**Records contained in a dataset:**

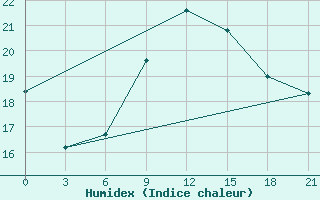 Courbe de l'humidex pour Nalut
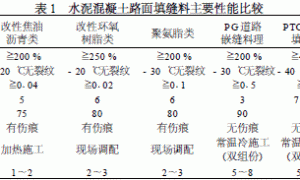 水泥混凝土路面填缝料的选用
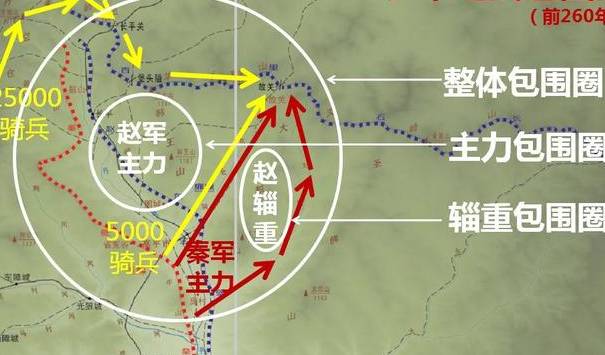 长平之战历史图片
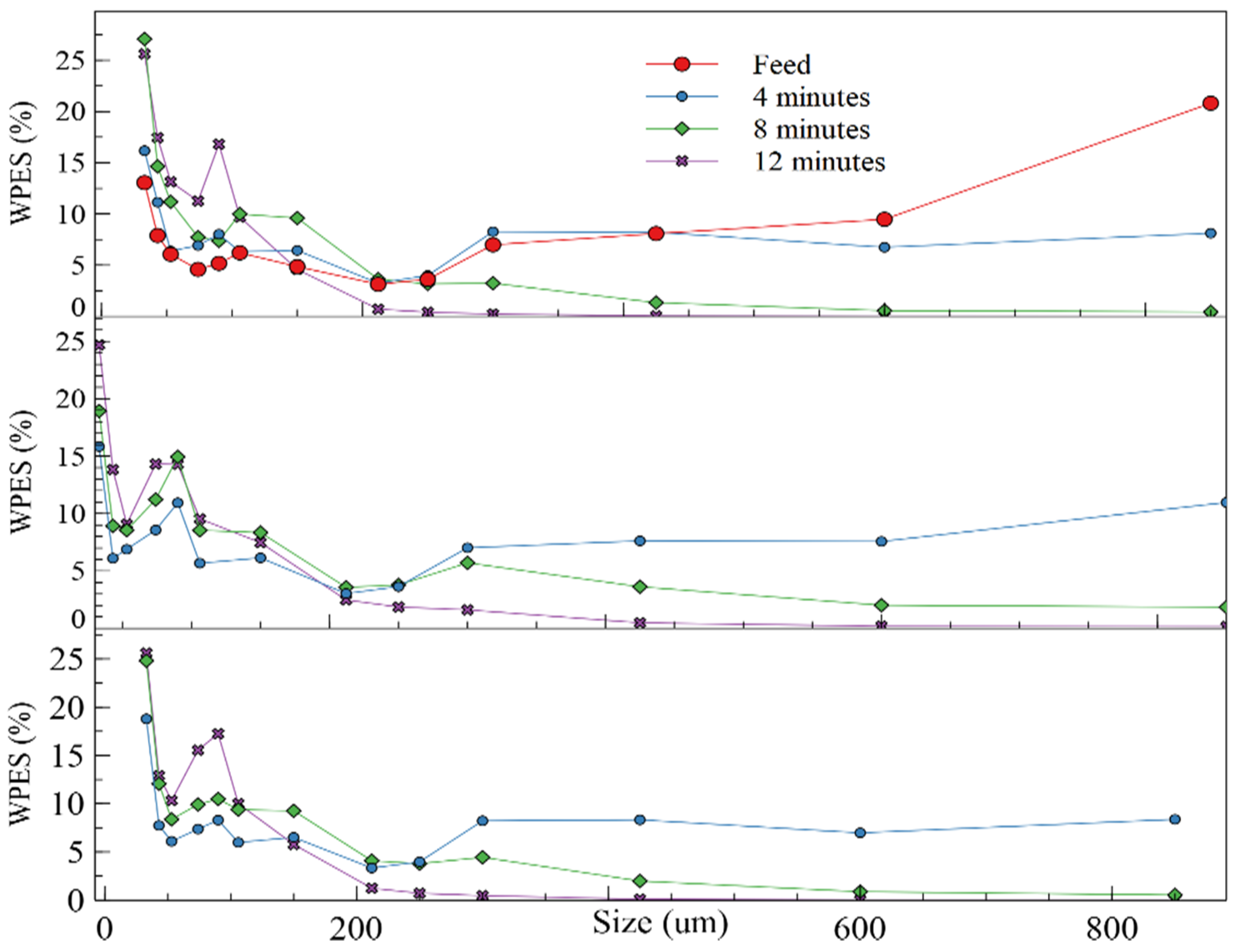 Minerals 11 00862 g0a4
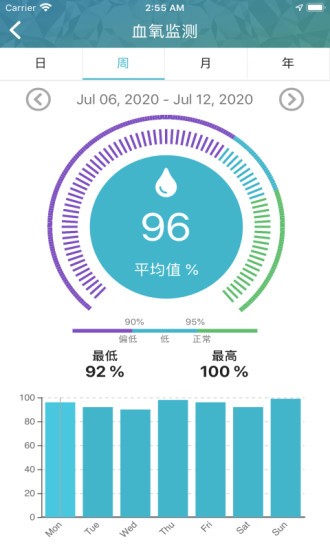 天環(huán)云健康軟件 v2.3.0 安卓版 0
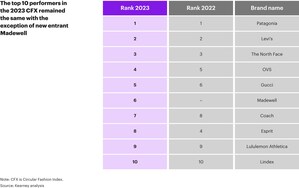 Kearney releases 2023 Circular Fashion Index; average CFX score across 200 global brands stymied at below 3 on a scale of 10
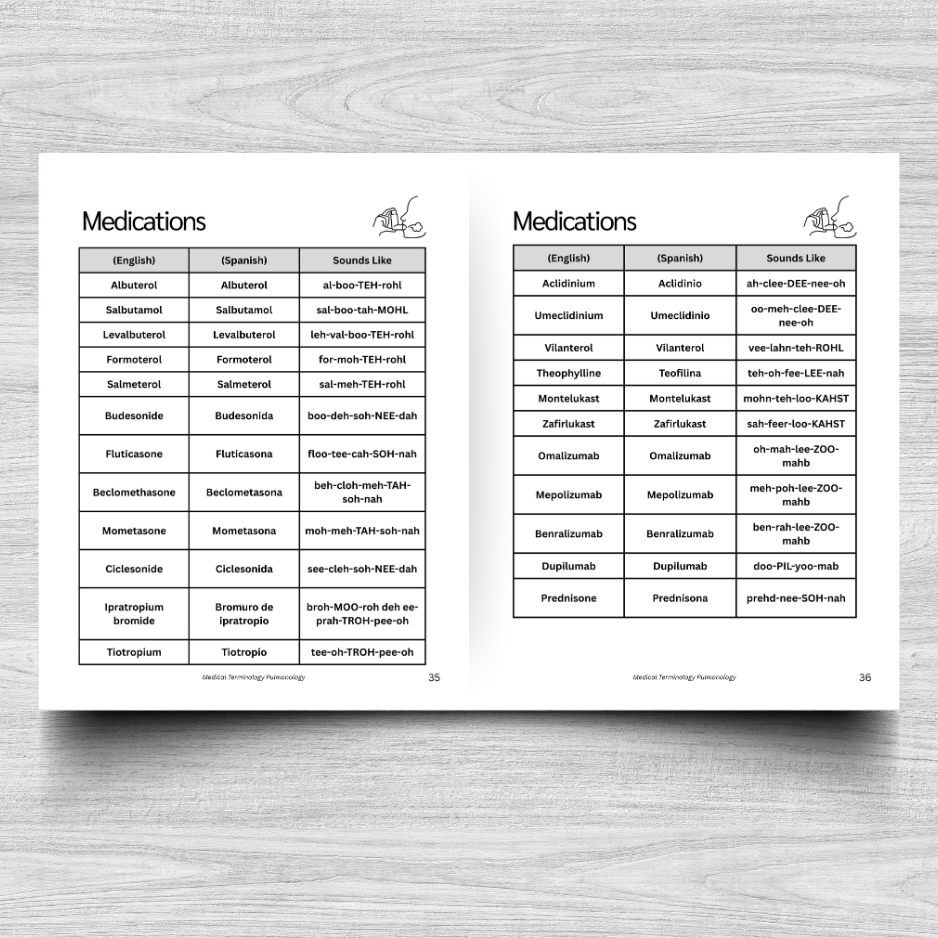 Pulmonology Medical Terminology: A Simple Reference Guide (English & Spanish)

**To do:** Your task is to restate word for word the lines from the one containing "天環(huán)云健康軟件 v2.3.0 安卓版 0" through the last line of the data, both ends included, with no pictures.

**Your solution:**
 天環(huán)云健康軟件 v2.3.0 安卓版 0
 Kearney releases 2023 Circular Fashion Index; average CFX score across 200 global brands stymied at below 3 on a scale of 10
 Pulmonology Medical Terminology: A Simple Reference Guide (English & Spanish)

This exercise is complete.